CLI Database Discussions

Discuss anything related to command line tools here.
Message
Author
vevy
Posts: 228
Joined: Tue Sep 10, 2019 11:17 am

Re: CLI Database Discussions

#181 Post by vevy » Thu May 21, 2020 7:10 pm

Thanks a lot for your response. It is clear and to the point, which I appreciate. You should try to poke as many holes as you can in what I propose so that we all (including myself) can see if it can hold.
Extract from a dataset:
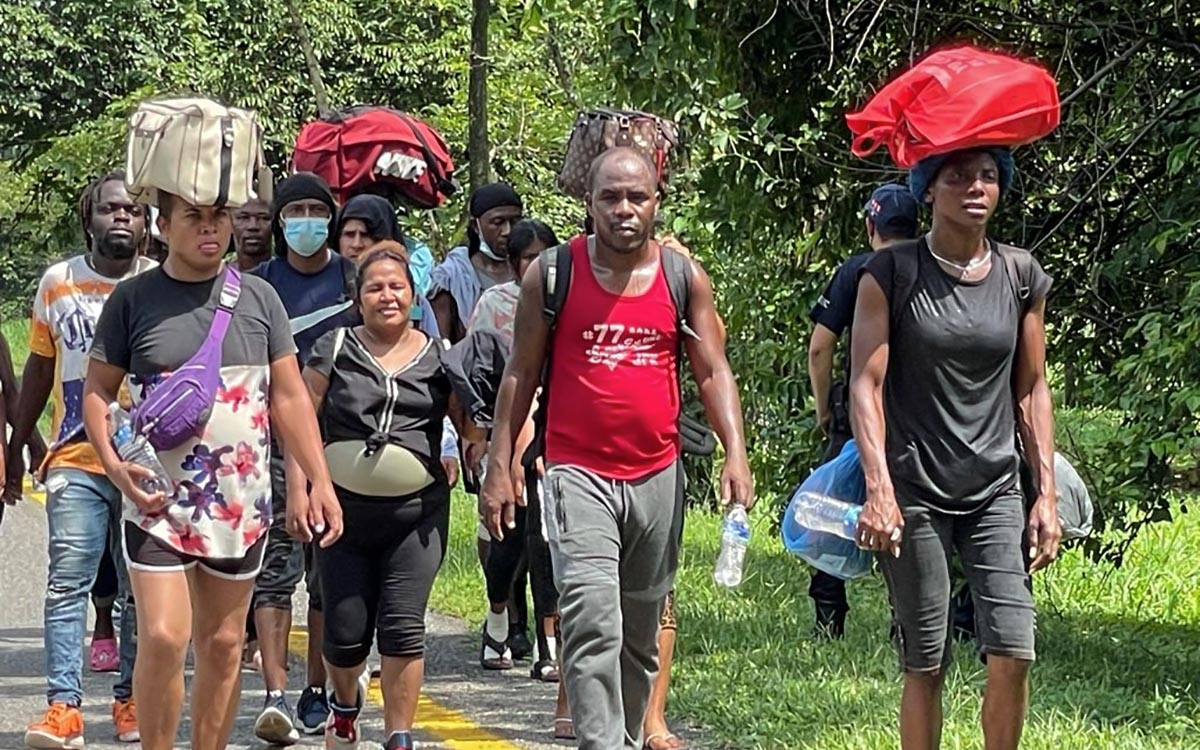 El grupo de migrantes era de más de 400 caribeños que habían cruzado entre los matorrales y selva para poder evadir a las autoridades mexicanas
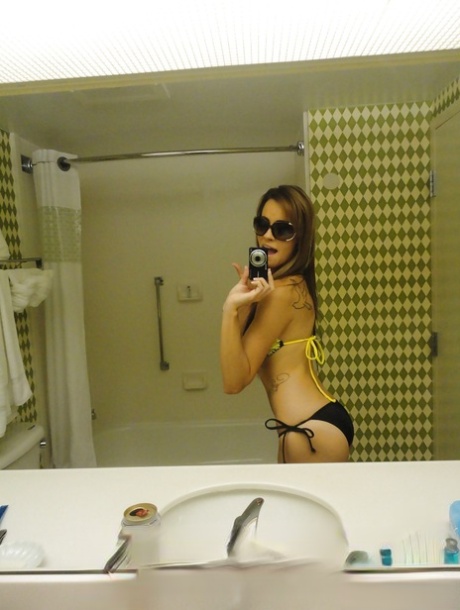Sunglass wearing ex-gf Mandy Haze snapping selfies of her nice tits in mirror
A few quick remark about alternativeto.net:
  • You are a bit harsher on it than I would be! :) From a user's perspective, they are my go-to place for "related" software.
  • Whether it's the tags or some algorithm behind the scene, their related software work more often than not for me, especially when tried in multiple iterations (related, then related of related). I discovered a lot of gems through that system.
  • Also their tags largely have unified terminology; meaning there is only one phrasing used consistently as tag for a particular feature.
  • Our "Similar/alternative apps": is the kind of feature that requires the a whole lot of maintenance and manual work beyond the occasional use, which is what I want to avoid through systematic relations. It also works for largely overlapping apps rather than intersecting ones. It is also kind of cryptic (in what way are they similar?) and subjective on what level of similarity warrants it.
Andrew Lee wrote:
Thu May 21, 2020 3:50 pm
... tries to anticipate all potential search queries.
..."extract video from mpeg without quality loss". We need an index for that.
It's never-ending manual work to maintain the index...
If that is what comes across, I realize know I should have been clearer. Please, bear with me as I try to explain the system that I have in mind:
  • My target audience is someone like me (and, I believe, many tech-minded people): interested in finding a piece software can do a certain job, but also wants to get their pick of the litter, rather than install the first "youtube mp3 downloader" they find on Google. I want to make it easier to find these tools.
  • I also expect that user to be able to do a little bit of the work themselves.
  • "extract video from mpeg without quality loss" is something I would never bother adding even if I had the time:
    1. It is not one use case. It is multiple. A tool that does that would be tagged: ("transcode video" = "convert video to video"), ("mux video" = "convert video to video losslessly"),("video to mpeg"), ("convert to mpeg"; which would also cover images to mpeg), ("avi to mpeg"), ("mp4 to mpeg"), ("flv to mpeg"), etc.
    2. As I expect the user to have a minimum of tech sense, and as they are searching for CLI and on our site, I would not plan on (nor care to prepare for) them to use a phrase like "extract video from mpeg", it's not about getting a part from a whole. I would expect something like "convert" at the very least.
    3. See the 2 main reasons for aliases in my previous post, but here, as the user searches for "convert video to mpeg without quality loss", the search engine should pick matches like "convert", "mpeg" (or "mpg"), "loss" and show the relevant tags at the top (my suggestion), and also the entry results with the most relevant tags.
    4. I want to cover the common terms/phrases, not every unique version. I just want to help the user described above find the proverbial thread.
    5. The format variations, like "avi to mpeg" would be in the dozens for all-in-one tools like ffmpeg, but I believe that the problem they may pose is not mainly the effort to add them, but the presentation; i.e. hiding them in lists, but showing them if they have a search hit, in the entry's page, under a "more" button, whatever it may be.
if something changes, some entries break and need to be verified/maintained.
Just curious, how do you see that happening? It is not a rhetorical question. I know things can break. I just want to know what you have in mind.
You can argue the index doesn't need to be complete to be useful. But the fact is, if it's only 20%~30% complete, it won't be very useful. And that 20% to 30% is already a _ton_ of work.
Other than it not being an index of tags as I visualize it, I guess I am aiming at 80-90 percent by breaking things into manageable units rather than doing all the variations of tags together. I don't know how our search engine works, but if it indexes keywords from the database or performs direct search, then weighs the results, it will be good enough, I think. I do believe it should do partial word matches though. :) That will make things easier (like with "losslessly").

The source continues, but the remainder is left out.